If you have the funds, perhaps a raised bed is the way to go?


T
In 2008, I returned to active gardening after an enforced hiatus of approx. 10 years (car accident). I absolute wasn't up to digging, double-digging, or anything else, nor did I have any money. DH's salary, never intended as sole support in the S.F. Bay Area for our household, was indeed doing double duty, as all three of my part-time jobs had evaporated. Hmm...how to make raised beds (aka Square Foot Gardens, in my case) without $ layout?

"Aha!" I thought to myself. "You already get/give stuff via FreeCycle in the way of fabric. Why not watch for possible raised bed supplies?"

And, lo and behold, it came to pass soon thereafter that...

--one offeror had cinder blocks for the picking up.
--another had 2x12s
--yet another had 2x8s
--and some used pine shelving

The cinder blocks, simply laid in two courses, holes up for potential planting, formed and still form Bed #1, approx. 10 to 12 inches deep. That first season, I made the mistake of believing Mel Bartholomew when he said "6 inches is deep enough for anything." Bullfeathers. Add enough for 10, ideally 12, inches, plus reaching into the ground if possible.
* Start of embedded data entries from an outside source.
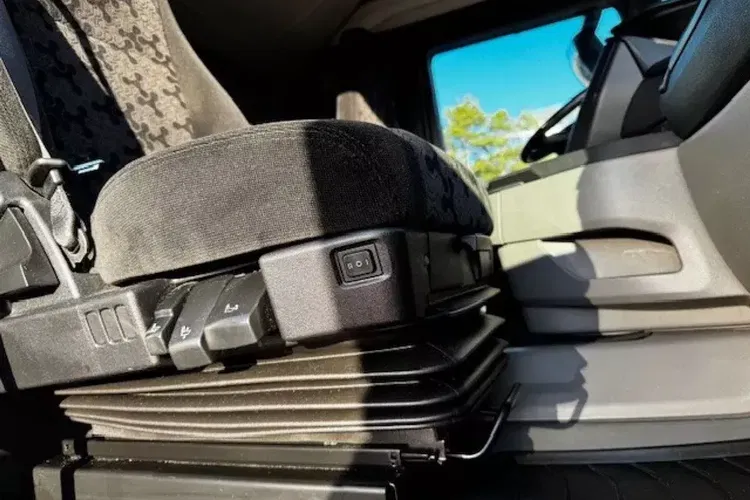 Scania R460A4x2NB Hydrailuka HYVA zdjęcie 7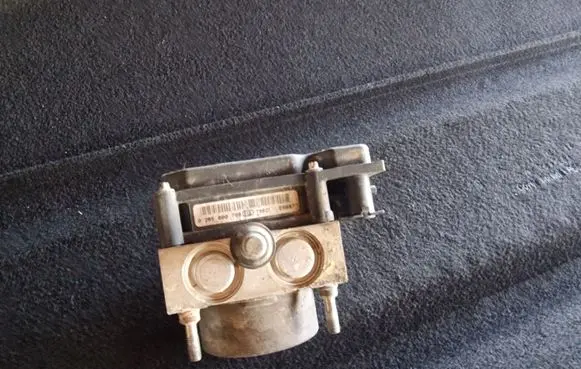 Suzuki SX4 ABS Pump 0265800708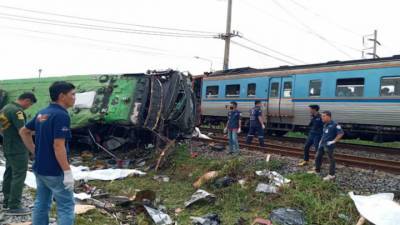 Столкновение товарного поезда и автобуса в Таиланде: 20 человек погибли, более 30 пострадали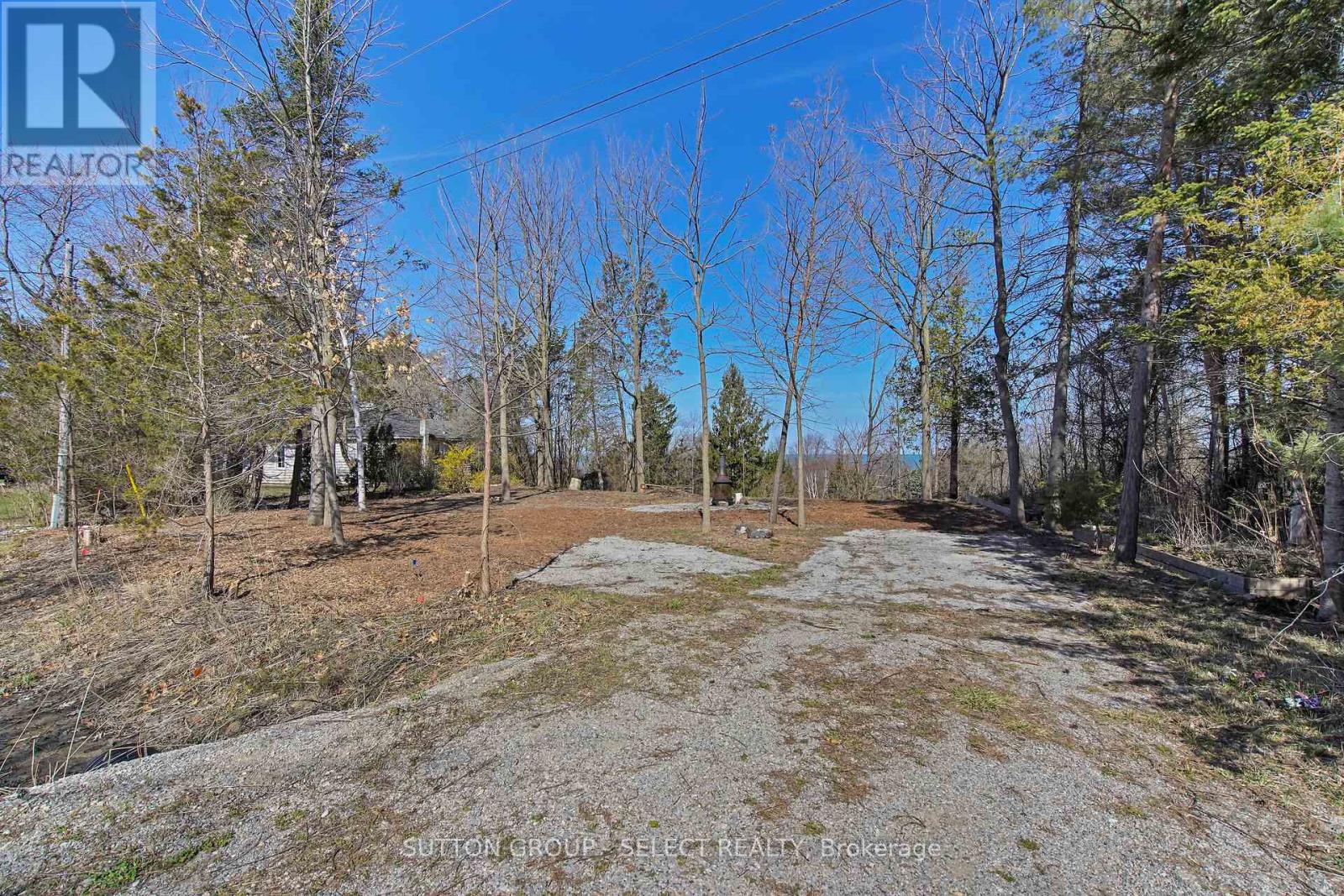 5 Huron View Avenue Property Photo 13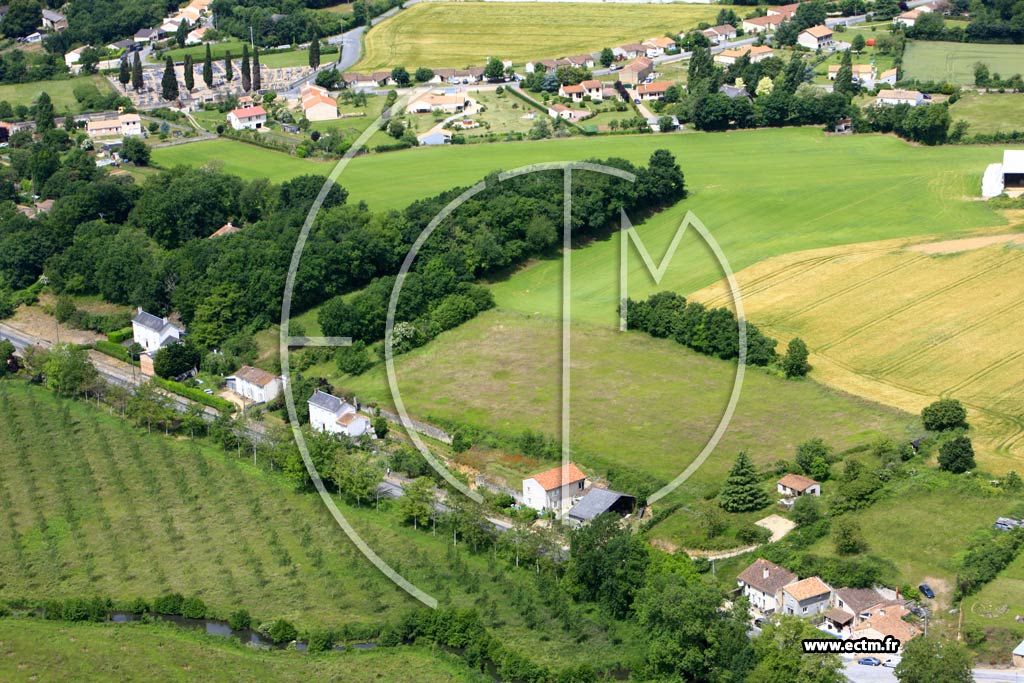 Photo arienne de Latill (Puy Herv)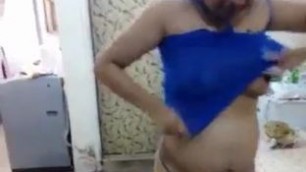 Famous Indian Aunty Showing Her Boobs And Pussy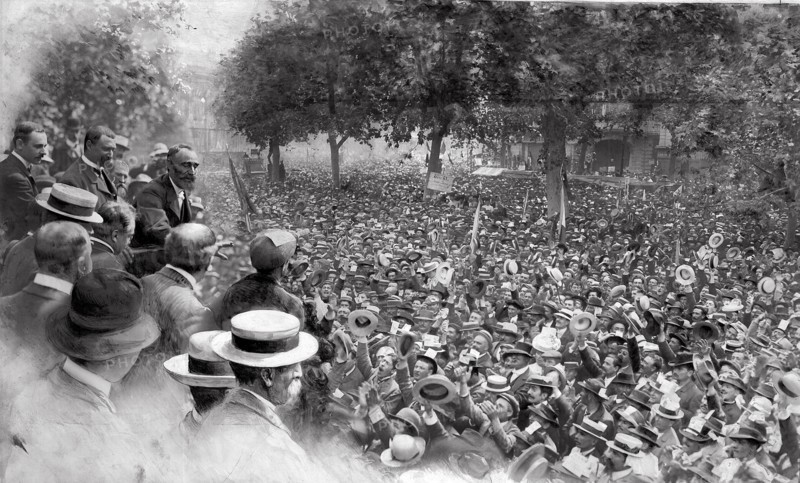 Meeting de Montpellier, le 9 juin 1907, Marcelin Albert prononçant la formule du serment des vignerons fédérés, sous les acclamations de la foule.  "Dimanche dernier, s'est close à Montpellier, la série des meetings monstres organisés pour faire entendre les doléances et les revendications du Midi viticole: réunis au nombre d'un demi-million environ, les vignerons languedociens ont achevé d'étonner le monde par leur esprit de solidarité (...) Marcelin Albert, le "rédempteur", escorté de son fidèle lieutenant , M. Ferroul, maire de Narbonne, rappela que l'heure était venue d'exécuter les résolutions énergiques antérieurement décrétées: grève de l'impôt, démission de toutes les municipalités dans les départements fédérés (Aude, Gard, Hérault, Pyrénées-Orientales). Photographie et extraits d'article parus dans L'Illustration du 15 juin 1907.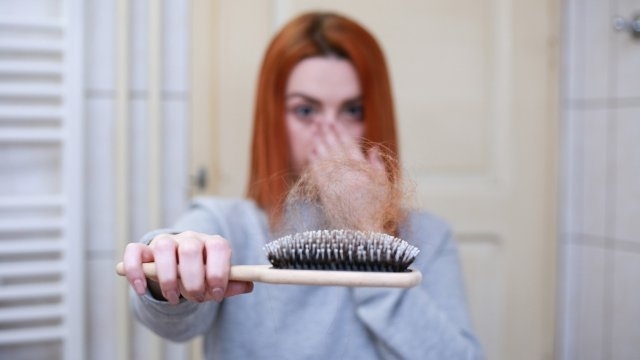 Едва ли се замисляте когато миете косата си докато си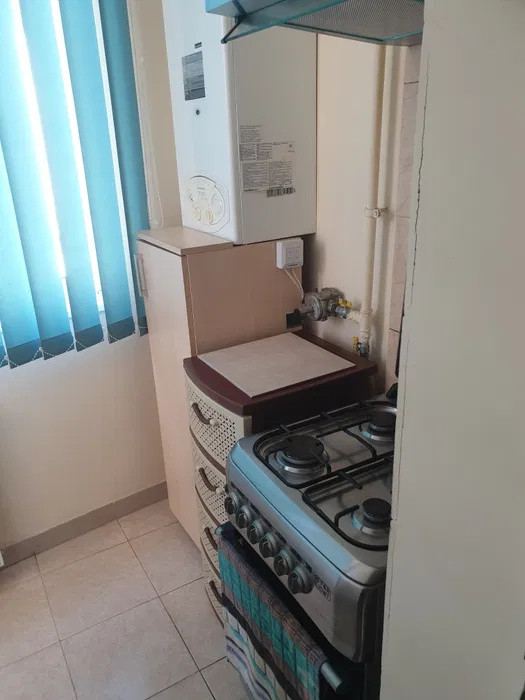 Apartament cu o camera, 36 mp, etajul 1, zona Florilor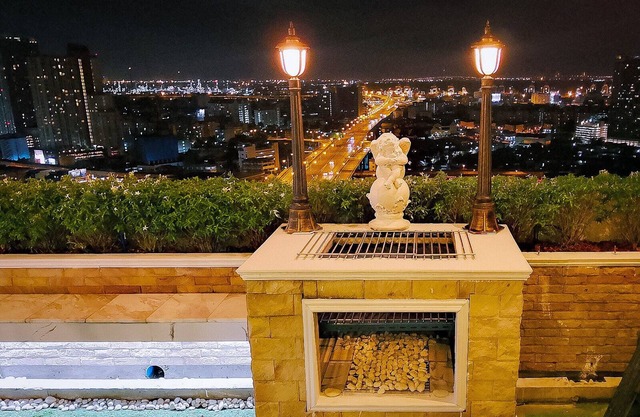 90% OFF! Luxurious Zenithar Penthouse Sukhumvit ENTIRE TOP FLOOR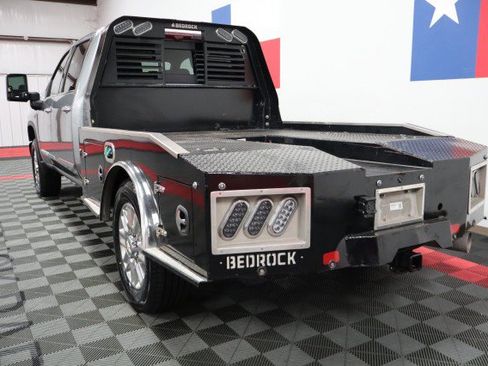 Used 2024 Chevrolet Silverado 2500 High Country w/ High Country Premium Package AWD/4WD image 11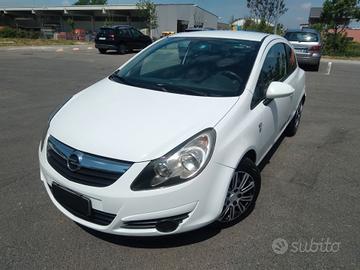 Opel Corsa 1.2 80CV 3 porte GPL-TECH Club x neopat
The 2x12s, cut to uniform 4-foot lengths, became three square frames which, depending on the season or the year, can either be stacked as a potato tower or used as three small SFGs. Right now they're SFGs, but I think this March (yikes! next month?!) they'll become a potato tower.

The 2x8s became a fourth layer for the potato tower, should such be needed.

And the pine shelving became...well...without going outside I can't be completely sure (and it's dark right now as well as raining YES RAIN :D), but I think the pine shelving forms the ends of Bed #5, which is 2.5' x 8'. Its sides are purchased :x 2x12s. DH just couldn't stand waiting any longer for free lumber and ran off to buy some one day. I could not believe it. :?:

So, all told, I got five gardening frames built *and* filled for $58 that first season. Since then they've cost me exactly...nothing.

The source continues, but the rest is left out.